Ultimately, we hope to inspire the community to feel proud and to have ownership in a new homeland and to extend the Khmer “voice” as a part of American society.
The beneficiaries of the IKARE work include the Khmer people in and outside Cambodia; the world community, and the general public. We are forever indebted to the kind support from the Hubbard Broadcasting Foundation ( Thank you Kari and Mr. Hubbard ) and a one-time Holiday grant in 2016 from St. Jude Medical Foundation ( Thank you Chamnap for caring to help ), and the many volunteers who gave their time, money, and commitment to help continue the vision of this organization.

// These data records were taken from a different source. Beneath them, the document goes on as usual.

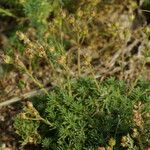 Saxifraga moschata Natur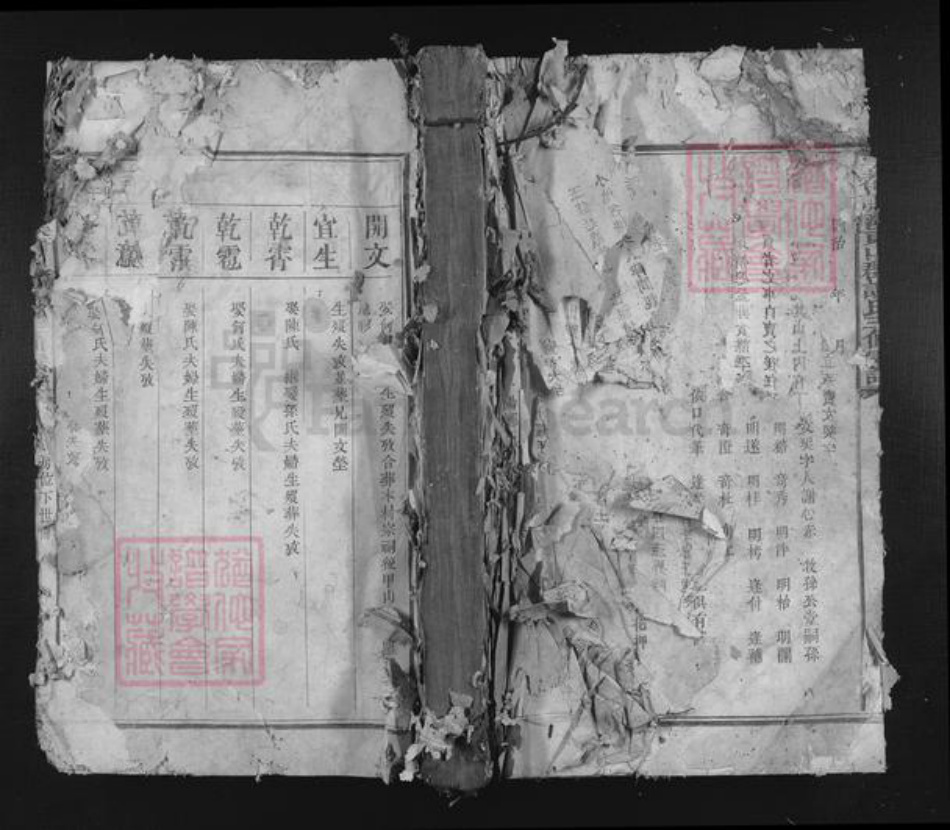 江西省赣州市于都县谢氏族谱-雩都谢溪东山郡谢氏三修族谱.pdf电子版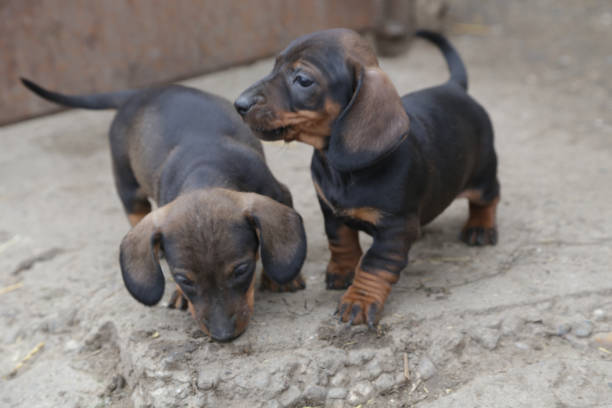 istock Two dachshund puppies outdoor 874333278
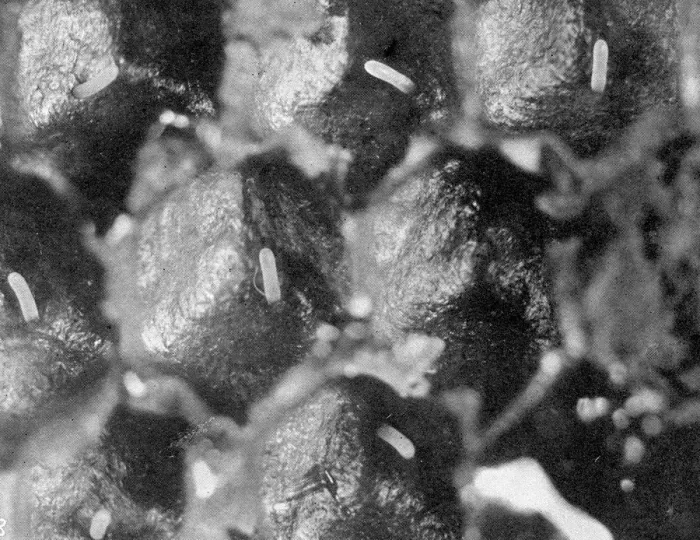 Framed Print : The Queens Eggs : Legs as pollen carriers : the making of combs : Bees Framed Print : The Queens Eggs : Legs as pollen carriers : the making of combs : Bees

Recently, the IKARE organization was approved for membership in the Alliance of Nonprofits for Insurance, making us one of 16,000 nonprofits in 32 states and DC working together to reduce cost of insurance for all non-profit organization members.
We are proud of our achievement because of “Karing” hearts like yours!
Kosol brings over 20 years experience providing strategic direction to local and multi-national organizations in business, product innovation, and developing strategic branding and marketing communications. Some of his accomplishments include developing and receiving 7 United States Patent and Trademark business processes and 3 United States Copyright business processes. He's founded, operated and sold intellectual property to a Fortune 100 company.
He has a lifelong experience as student, trainer, and executive in leadership, communication, and scientific problem solving to transform the IKARE into a world-class organization.
Kosol joined the IKARE because he wants to see the Khmer people and community advance to a level of excellence. He understands the challenges ahead and willingly accepts the journey to bring the best of the Khmer people and culture to the world. "The Khmer people came close to extinction in December 1979, I'm going to do my part to make sure this great culture and people continue," is Kosol's motto.
Stephen Young is the Global Executive Director of the Caux Round Table. He was formerly the third dean of the Hamline University School of Law, an assistant dean of Harvard Law School, and has worked with the Council on Foreign Relations and consulted to the United States Department of State.
Steve and his Father have been involved in helping the Khmer community since his father was present at the Declaration of Independence of Cambodia from France in 1953.
Ream Um ( Chairman of the Board)
Greg Barron ( Board Advisor )
Greg Barron is an American radio and television journalist, producer and communications executive. His early radio feature work influenced public radio storytelling in the United States and how sound is used in documentary production. Described by Variety Magazine in 1981 as "one of the most renowned creators of radio documentaries in the nation", his work as a producer for Minnesota Public Radio between 1972 and 1980 was recognized by numerous regional and national journalism awards and he was an early advocate of the use of high fidelity stereophonic sound as an integral element of radio journalism.
Thal serves as the IKARE Board Secretary. Thal joined the IKARE organization because she wanted to make a difference and become part of a system that protects, preserves, and promotes next generation role models. Thal wants to see the Khmer community unite so that future generations, like her grandchildren, can carry on the Khmer identity. She believes through IKARE vision and mission, the Khmer identity will stay alive.
Thal is also a Khmer language specialist. Her experience includes teaching children the Khmer language, dances, and childhood discipline.